On 8/12/21 10:08 AM, Learner wrote:
On Thursday, 12 August 2021 at 13:56:17 UTC, Paul Backus wrote:
On Thursday, 12 August 2021 at 12:10:49 UTC, Learner wrote:
That worked fine, but the codebase is @safe:
```d
cast from `int[]` to `inout(int[])` not allowed in safe code
```
So copy constructors force me to introduce trusted methods, while
that was not necessary with postblits?
A postblit would simply ignore the type qualifier--which can lead to
undefined behavior. (Scroll down to the paragraph that begins "An
unqualified postblit..." under ["Struct Postblits"][1] in the spec.)
The copy constructor merely forces you to be honest about the safety
of your code.
In your case, I would recommend encapsulating the unsafe cast in a
function like the following:
```d
T[] dupWithQualifiers(T[] array)
{
auto copy = array.dup;
return (() @trusted => cast(T[]) copy)();
}
```
You can then use this function in place of `dup` in your copy
constructor.
[1]: https://dlang.org/spec/struct.html#struct-postblit
Thank you, now everything is more clear.
A last question, if you do not mind, just to better understand inout.
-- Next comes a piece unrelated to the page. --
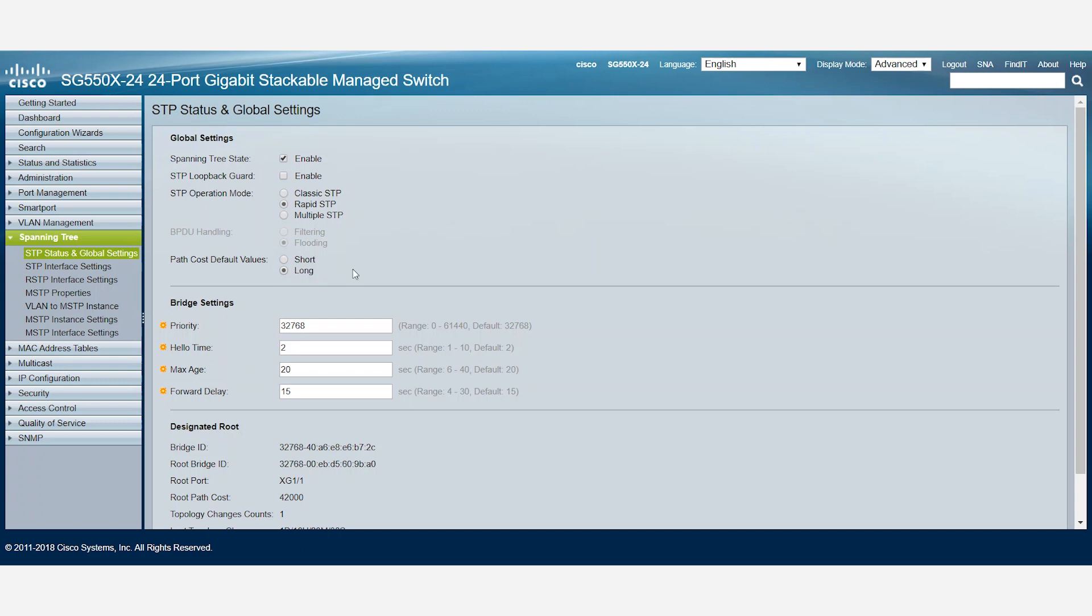To configure the switch priority, which is used to determine which bridge is the root bridge, we can enter the bridge priority number ranging from 0 to 61,440. In this example, we'll use 32,768.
It
seems a shortcut to avoid repeating the same function body for mutable,
const, and immutable. Why the following code is not equal to the single
inout constructor?
struct A {
int[] data;
//this(ref return scope inout A rhs) inout { /*body*/ }
this(ref return scope Timestamp rhs) { /*body*/ }
this(ref return scope const Timestamp rhs) const { /*body*/ }
this(ref return scope immutable Timestamp rhs) immutable {
/*body*/ }
}
Error: Generating an `inout` copy constructor for `struct B`
failed, therefore instances of it are uncopyable
Inout is compatible only with inout, and not with the unrolled code it
implies?
inout is not like a template. It's a separate qualifier that generates
only one function (not 3 unrolled ones).
It's sort of viral like const is viral -- all underlying pieces have to
support inout in order for you to write inout functions.